Just as the financial collapse is upon us, the organized crime world is having its hard times, too. Frankie (Scoot McNairy) is in need of some quick cash, so Johnny "Squirrel" Amato (Vincent Curatola) suckers him into robbing two briefcases of money from a poker game, run by Markie Trattman (Ray Liotta). Australian heroin addict Russell (Ben Mendelsohn) is hired to go in with Frankie, and the two hair-brained crooks get away with it (with yellow dishwashing gloves and sawed-up shotguns, no less). Markie organized a previous robbery at a game, but this time (which he didn't mastermind), he's going to be held responsible and punished anyway. Enter mob enforcer Jackie Cogan (Brad Pitt), who prefers killing softly, to clean up the mess without any fuss.

It's no coincidence that the film is set in the rough and tough world of crime-laden Boston, not unlike "The Friends of Eddie Coyle" (also based on Higgins' first novel). Greig Fraser's lensing is seasonably gritty, with a few show-offy touches (a camera is mounted on the car door), and the town looks very stark, wet, and greasy. Each shot has obviously been given a good amount of thought by Dominik, from the very tense card-game heist, to one stylish drive-by sequence of a bullet shooting out of a gun barrel through a window and exploding into a skull in ultra-slow-motion, to the irony of cutting from a brutal beating/shooting to musical standards (i.e. "Life Is Just a Bowl of Cherries" and Johnny Cash's "The Man Comes Around"). There's also the funniest car explosion you'll ever see.

The film is deliberately paced, amounting to long stretches of Dominik taking on Quentin Tarantino's ear for juicy, profanely amusing dialogue and just letting his characters be loquacious. Every once in a while, a scene will quietly erupt into a sudden act of violence, kind of like one in a Tarantino or Martin Scorsese joint.
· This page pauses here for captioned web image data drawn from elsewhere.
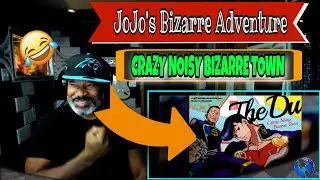 JoJo's Bizarre Adventure Opening 5 Full『CRAZY NOISY BIZARRE TOWN』- Producer Reaction
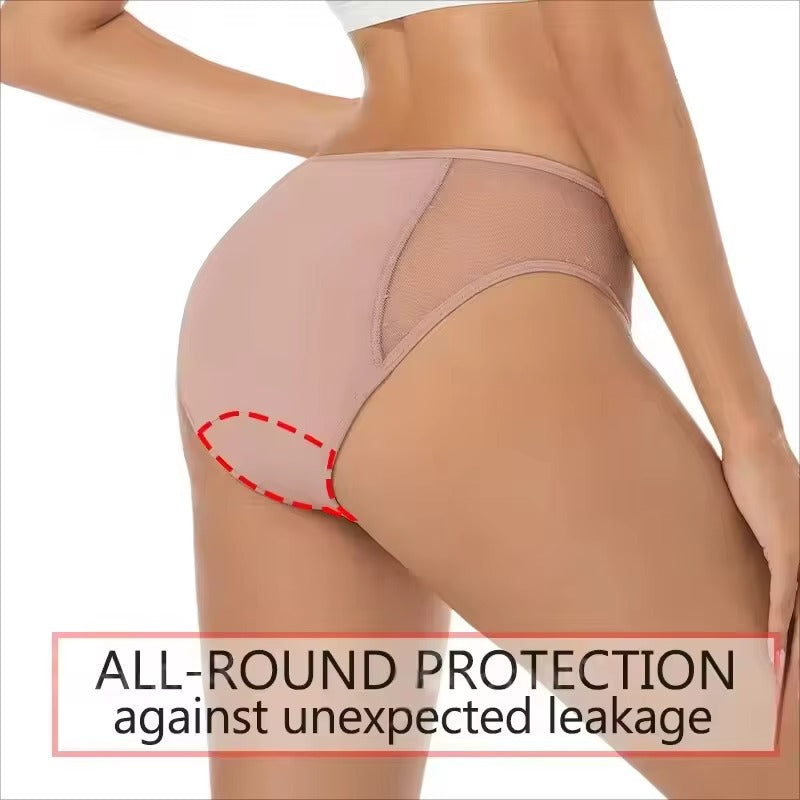 ZIBRA - Menstrual panties suitable for heavy periods 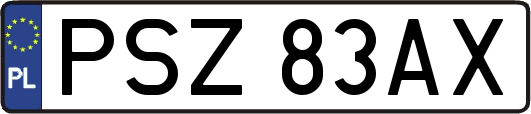 PSZ83AX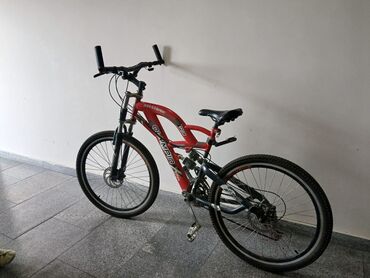 CD, DVD disklər və kassetlər: Dağ velosipedi 26"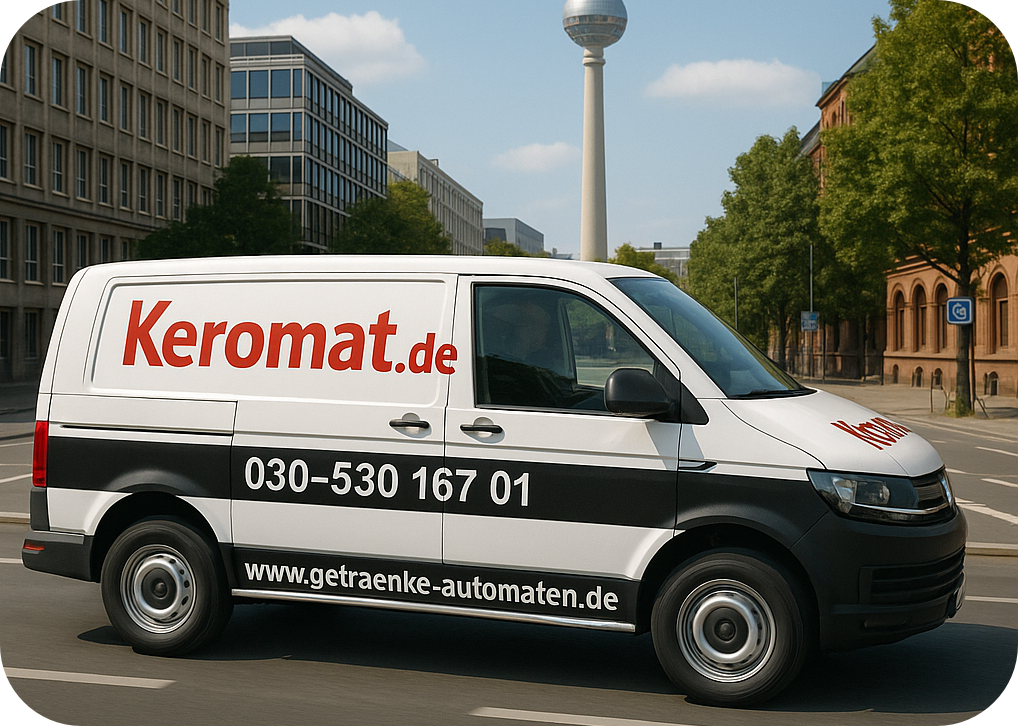 Unternehmensdarstellung Keromat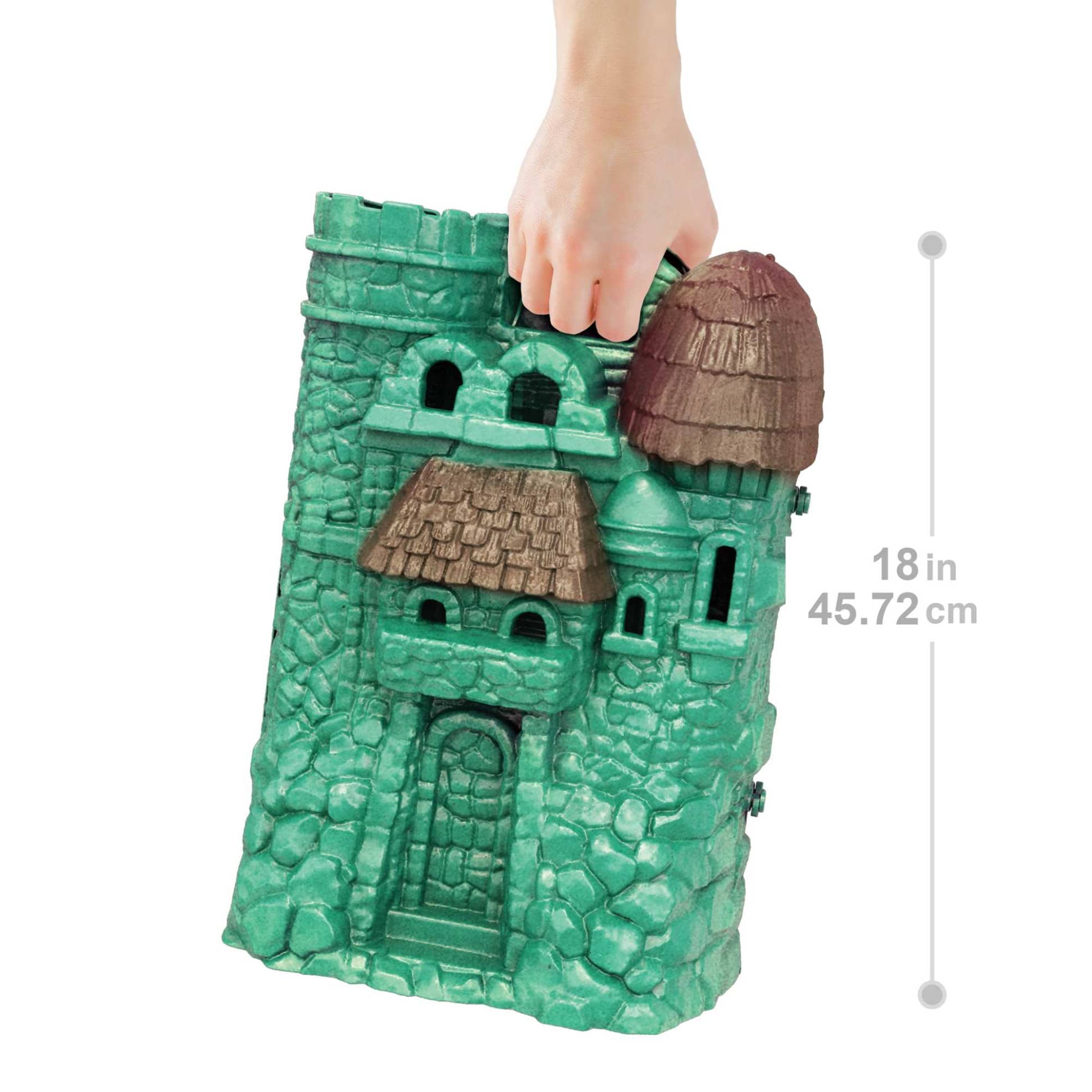 castle grayskull playset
Despite the title, the violence here is not soft, but harsh and visceral. Not for the faint of heart, one scene features a character receiving a hard, bone-crunching beating in the rain, and we feel every punch and kick. "Killing Them Softly" has moments of brilliance, but slows its roll a bit too much with spare plotting and kills a lot of time with indulgent interactions and monologues.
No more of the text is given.